Very few of the academics I know would recognize the higher-ed world for which Pearlstein offers his prescriptions.

Teaching loads at research universities have declined almost 50 percent in the past 30 years, according to data compiled for the American Council of Trustees and Alumni…In the egalitarian culture of higher education, once some professors won the right to teach less, their colleagues demanded the same. Before long, “two-and-two” teaching loads — two classes in each of two semesters — became the norm.

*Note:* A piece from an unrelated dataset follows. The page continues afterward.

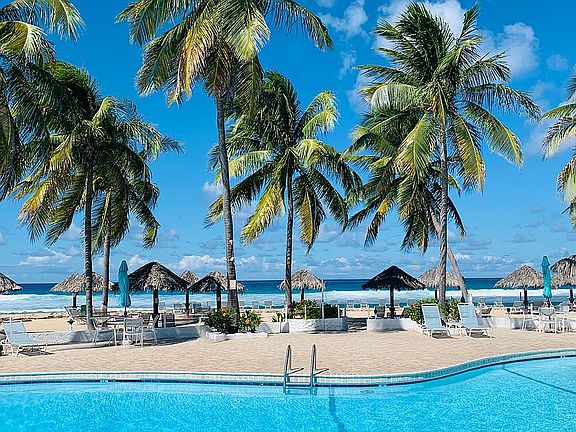 Pool and beach views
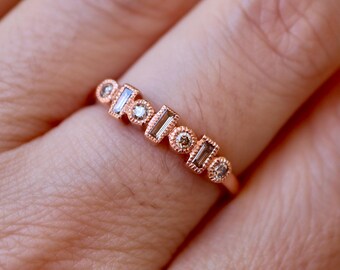 Champagne Diamond Baguette Wedding Vintage Band- Women Rose Gold Deco Bezel Milgrain Band- Brown Diamond Stackable Nesting Band for her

Today, research is the dominant criterion by which faculty members are evaluated. In deciding which professors get tenure, assessment of teaching tends to be perfunctory (few members of tenure committees ever bother to visit a classroom), and all that is required is competence. It is nearly impossible, however, for a professor to win tenure without publishing at least one book and three or four articles in top academic journals.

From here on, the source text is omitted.